At the time, McLynn thought he'd exhibit it at the Strawberry Street Festival and the Carytown Watermelon Festival, but neither those nor other ideas proved feasible. Upon receiving his prize, McLynn had been required to sign a strict contract wherein he agreed not to exhibit the car for money, though later the Science Museum of Virginia put it on display, asking for "donations." There, a Bat-vandal made off with the shift lever. After the taxes were taken out of his MTV cash, McLynn bought a Suzuki GXR 750 motorcycle, which got wrecked a few years later.

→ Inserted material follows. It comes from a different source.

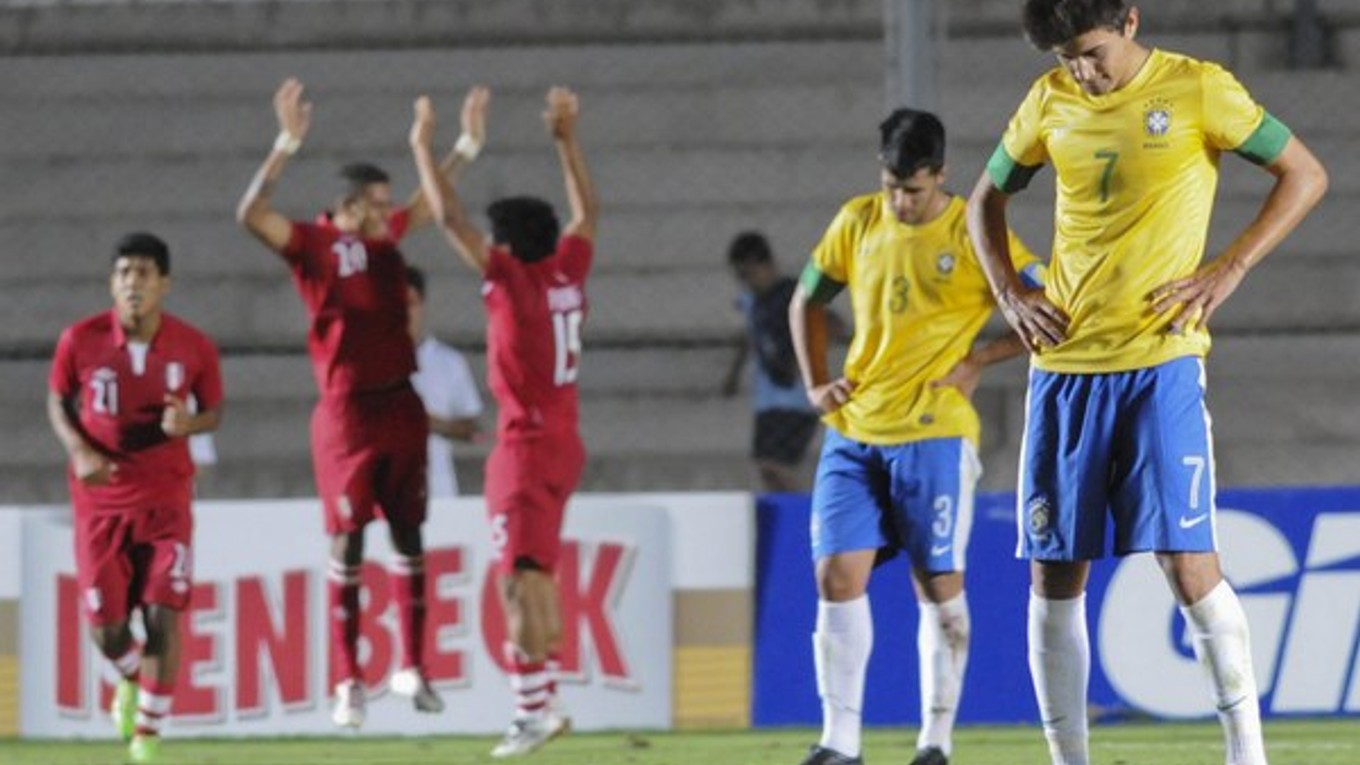 Smutní brazílski mladíci počas zápasu s Peru.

Hollywood Productions wanted to buy the car back from him and made various offers, including a Corvette and $50,000. "They got the rights to build the car, but I think they were pressured by MTV and Viacom, which owns it, and they're huge, to put the car up for a contest," McLynn says. "[Their] idea was to take it to car shows, and they hoped whoever won it would sell it right back to them. I didn't." At the time, McLynn was offering the car for $125,000 to $330,000.
Meanwhile, McLynn had to find various makeshift Batcaves for his Batmobile; for the past seven years he used the old Argus Steel factory off Lombardy Street near Virginia Union University.
McLynn couldn't afford the Batmobile's estimated $10,000 insurance premium. He had to pay tax on the car, too, and that got him an audit by the IRS.
At first McLynn took numerous people to see the vehicle. But that stopped, too. His girlfriend of the past seven years didn't see the car until the morning in July 2003 when the private Illinois collector he sold it to came to retrieve it.
"I sold it for not a lot of money, but enough to settle my taxes and get everything straightened out," says McLynn, who wouldn't specify the amount. All he has left from his Batmobile experience are photos (to be displayed at Metro Grill), memories and a futon he bought at a now-closed Shockoe Slip store.
He chuckles, "That futon's been with me in Colorado, the Florida Keys; it's a great futon."